Yes. In a 6-3 opinion delivered by Justice John Paul Stevens, the Court held that the First Amendment protects the disclosure of illegally intercepted communications by parties who did not participate in the illegal interception. “In this case, privacy concerns give way when balanced against the interest in publishing matters of public importance,” wrote Justice Stevens. “[A] stranger’s illegal conduct does not suffice to remove the First Amendment shield from speech about a matter of public concern.” Noting that the negotiations were a matter of public interest, Justice Stevens wrote that the “debate may be more mundane than the Communist rhetoric that inspired Justice Brandeis’ classic opinion in Whitney v.
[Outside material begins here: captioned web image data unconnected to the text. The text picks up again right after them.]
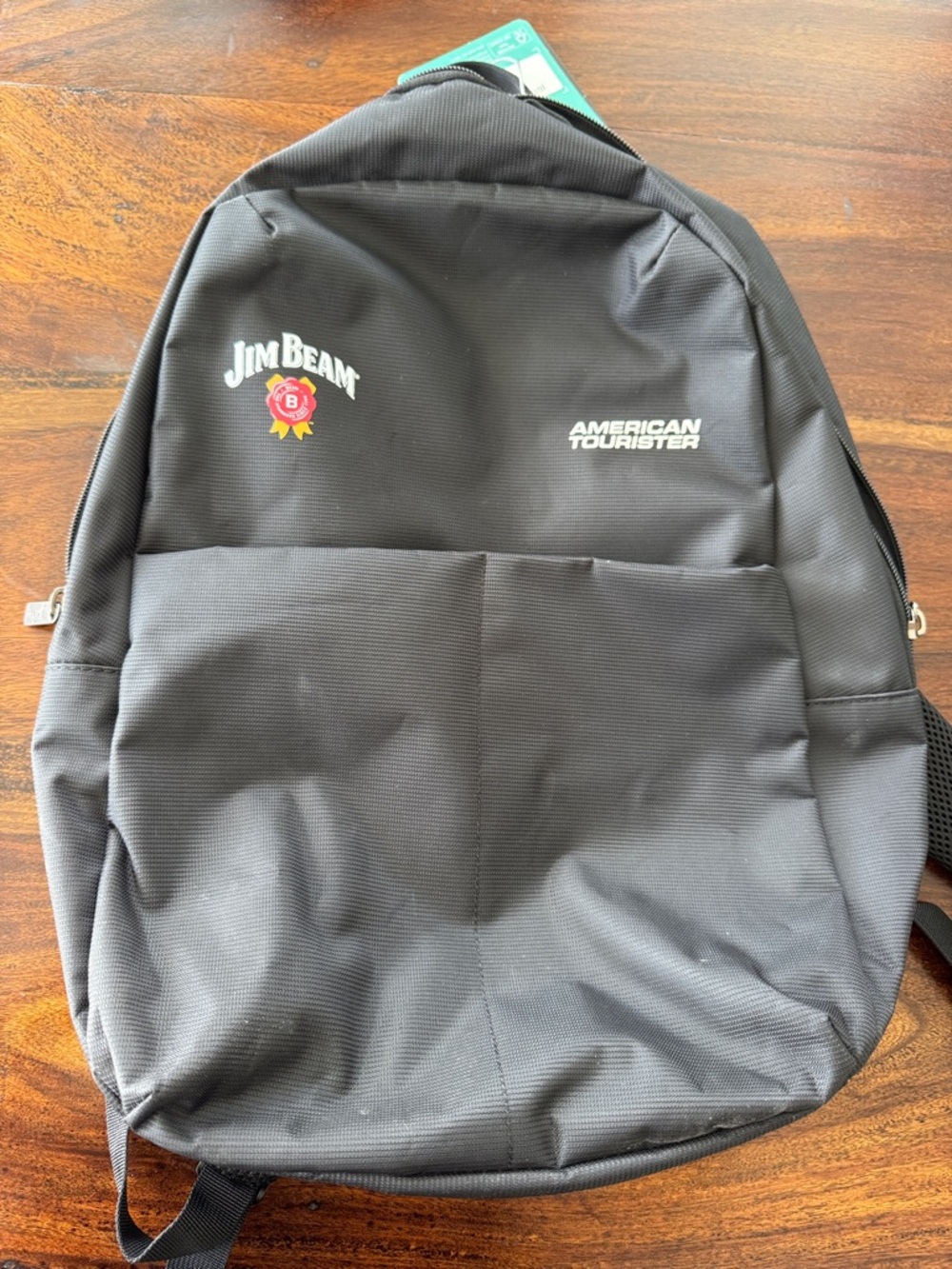 American Tourister Black Backpack with Jim Beam Patch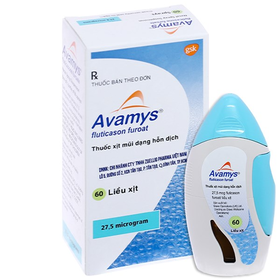 Thuốc xịt mũi Avamys 27.5mcg điều trị xung huyết mũi, ngứa mũi (60 liều xịt)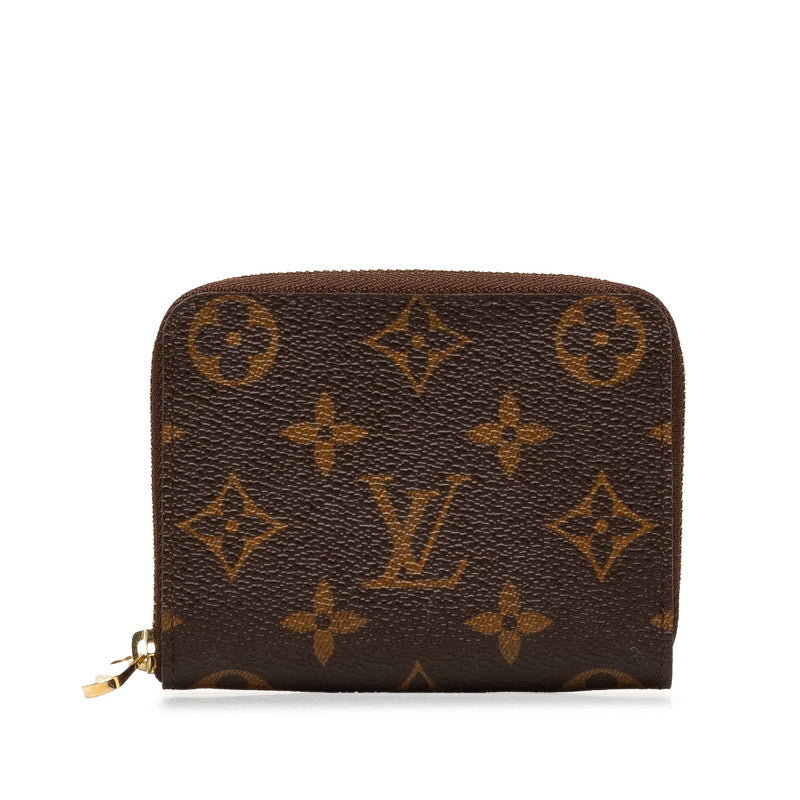 Louis Vuitton Monogram Zippy Coin Purse M60067 Brown PVC Leather in Excellent Condition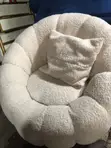 Oversized Sherpa Bouclé Lounge Chair - 2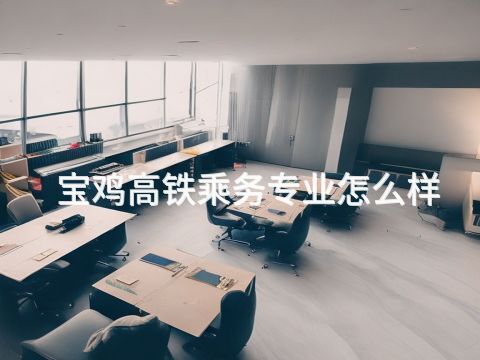 宝鸡高铁乘务专业怎么样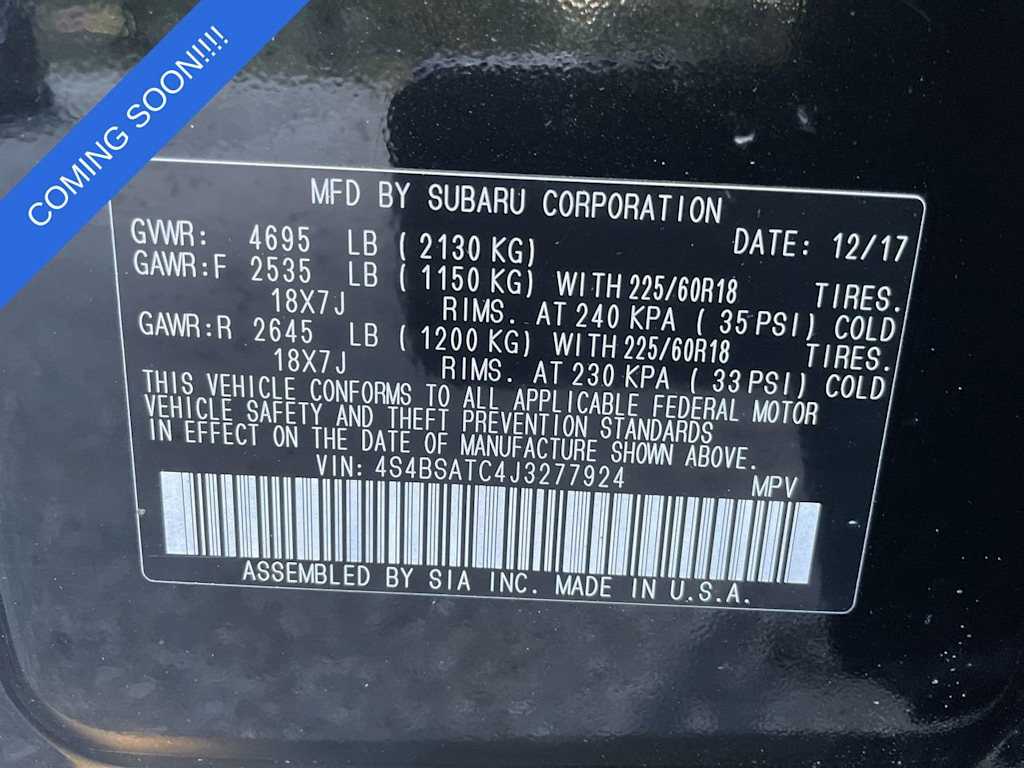 Thumbnail: 2018 Subaru Outback - 18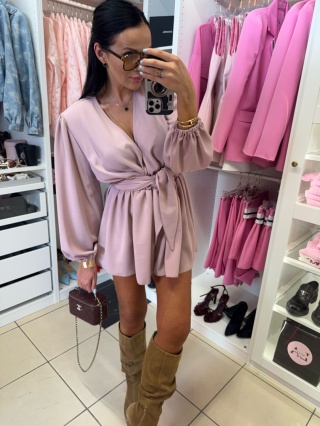 Kombinezon z wiskozy brudny róż- LA MILLA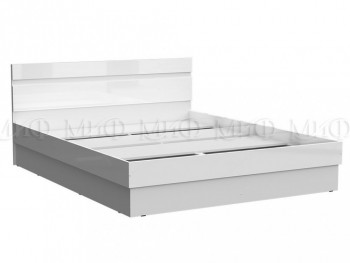 Кровать Челси 1400 (Белый/Белый глянец) в Шахте - shahta.mebel54.com | фото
California, but it is no less worthy of constitutional protection.”

Justice Brandeis in his famous concurring opinion in Whitney wrote thusly.

Those who won our independence believed that the final end of the State was to make men free to develop their faculties, and that, in its government, the deliberative forces should prevail over the arbitrary. They valued liberty both as an end, and as a means. They believed liberty to be the secret of happiness, and courage to be the secret of liberty. They believed that freedom to think as you will and to speak as you think are means indispensable to the discovery and spread of political truth; that, without free speech and assembly, discussion would be futile; that, with them, discussion affords ordinarily adequate protection against the dissemination of noxious doctrine; that the greatest menace to freedom is an inert people; that public discussion is a political duty, and that this should be a fundamental principle of the American government. They recognized the risks to which all human institutions are subject. But they knew that order cannot be secured merely through fear of punishment for its infraction; that it is hazardous to discourage thought, hope and imagination; that fear breeds repression; that repression breeds hate; that hate menaces stable government; that the path of safety lies in the opportunity to discuss freely supposed grievances and proposed remedies, and that the fitting remedy for evil counsels is good ones. Believing in the power of reason as applied through public discussion, they eschewed silence coerced by law — the argument of force in its worst form. Recognizing the occasional tyrannies of governing majorities, they amended the Constitution so that free speech and assembly should be guaranteed. Whitney, 274 US 376 (1927).